Гении сыска. Этюд в биографических тонах (Клугер) - страница 153

По словам Гарднера, Поллаки в течение нескольких последних лет жизни опасался мести со стороны некоторых преступников, которые с его помощью отправились на каторгу или в тюрьму. Он был уверен, что за ним охотятся. Нельзя сказать, что эти подозрения были всего лишь плодом болезненного состояния его психики. Воган Драйдон пишет: «С годами уголовный мир всё сильнее ненавидел Поллаки. Многие негодяи и авантюристы поклялись расправиться с ним. Большинство, правда, были слишком трусливы, чтобы попытаться открыто рассчитаться с детективом, но находились среди них и преисполненные решимости отомстить Поллаки. Сыщик держал при себе оружие и продолжал работать, но всё время помнил, что его преследуют.
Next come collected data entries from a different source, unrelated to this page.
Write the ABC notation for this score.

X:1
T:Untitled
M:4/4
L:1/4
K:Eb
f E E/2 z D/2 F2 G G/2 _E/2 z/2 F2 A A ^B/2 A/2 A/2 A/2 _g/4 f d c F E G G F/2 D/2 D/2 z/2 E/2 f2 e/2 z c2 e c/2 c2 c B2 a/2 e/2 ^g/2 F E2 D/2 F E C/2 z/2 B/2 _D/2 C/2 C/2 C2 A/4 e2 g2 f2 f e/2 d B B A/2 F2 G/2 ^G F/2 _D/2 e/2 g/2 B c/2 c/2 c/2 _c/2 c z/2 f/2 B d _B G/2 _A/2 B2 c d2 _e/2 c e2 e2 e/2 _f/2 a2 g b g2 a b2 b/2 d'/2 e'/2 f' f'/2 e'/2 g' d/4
Дом Поллаки превратился в настоящую крепость, снабжённую многочисленными сигнальными устройствами»[165].

Так, по словам Драйдона, дело обстояло ещё в Лондоне. То же самое, как видим, обнаружил Гарднер спустя несколько лет в Брайтоне. Учитывая, что как раз началась Первая мировая война, можно и этому найти вполне серьёзные, а не только связанные с болезнью основания: ведь Поллаки активно способствовал выявлению немецких шпионов накануне войны; видимо, он обладал серьёзной информацией относительно планов германской разведки. Кроме того, он ещё в конце 1870-х годов признавался, что хранит множество тайн сильных мира сего.
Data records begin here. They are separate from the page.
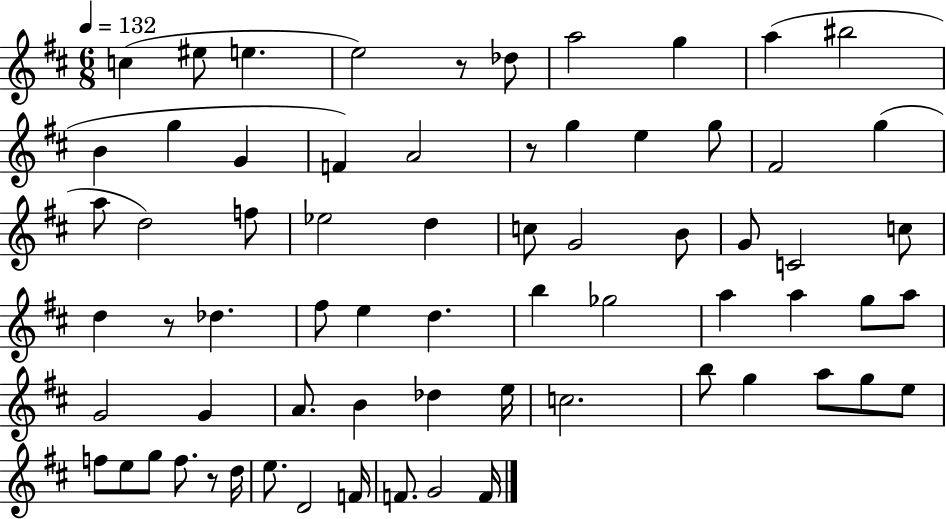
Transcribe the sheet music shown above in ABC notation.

X:1
T:Untitled
M:6/8
L:1/4
K:D
c ^e/2 e e2 z/2 _d/2 a2 g a ^b2 B g G F A2 z/2 g e g/2 ^F2 g a/2 d2 f/2 _e2 d c/2 G2 B/2 G/2 C2 c/2 d z/2 _d ^f/2 e d b _g2 a a g/2 a/2 G2 G A/2 B _d e/4 c2 b/2 g a/2 g/2 e/2 f/2 e/2 g/2 f/2 z/2 d/4 e/2 D2 F/4 F/2 G2 F/4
И, хотя знаменитый сыщик уверял, что тайны эти никогда не выйдут наружу, наверняка немало было людей, всерьёз опасавшихся, что он забудет о своём обещании. Его неоднократно хотели подкупить и несколько раз покушались на его жизнь. Поэтому опасения его имели под собой серьёзные основания.
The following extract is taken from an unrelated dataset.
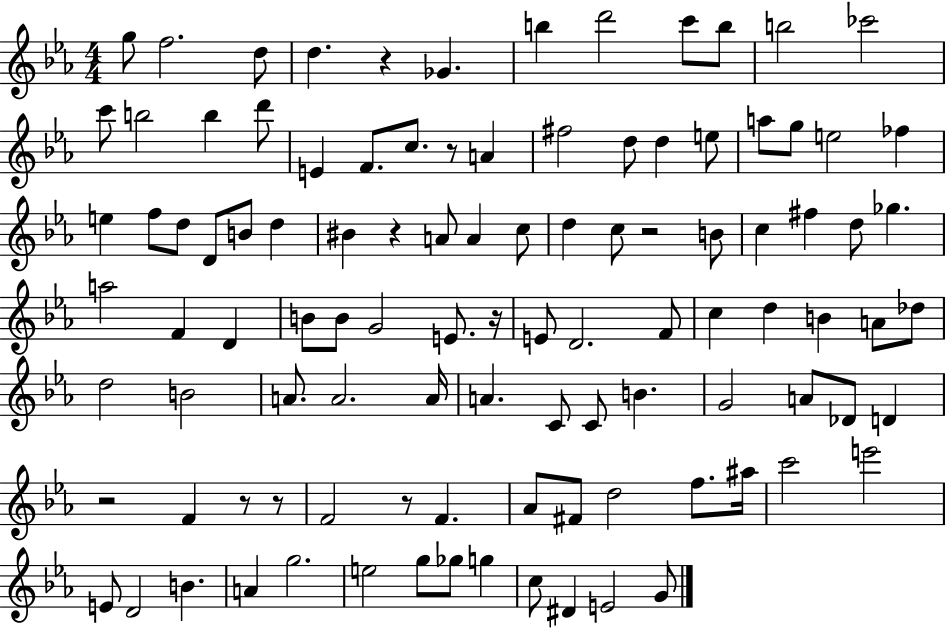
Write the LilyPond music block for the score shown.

Возможно, болезнь лишь превратила обоснованные подозрения в манию преследования — или же начало мировой войны послужило своеобразным катализатором заболевания. Основной его инструмент — интеллект, могучая память — отказали ему в конце жизни. Умирая, он не узнавал никого из тех немногих, кто собрался вокруг его смертного одра.

Читая статью Вогана Драйдона и воспоминания Фицроя Гарднера о последних днях Поллаки, я не мог отрешиться от неожиданных параллелей с Шерлоком Холмсом, точнее, с началом рассказа «Последнее дело Холмса»:

«Холмс внезапно появился у меня в кабинете. Мне сразу бросилось в глаза, что он ещё более бледен и худ, чем обычно.

— Да, я порядком истощил свои силы, — сказал он, отвечая скорее, на мой взгляд, чем на слова. — В последнее время мне приходилось трудновато… Что если я закрою ставни?

Комната была освещена только настольной лампой, при которой я обычно читал. Осторожно двигаясь вдоль стены, Холмс обошёл всю комнату, захлопывая ставни и тщательно замыкая их засовами.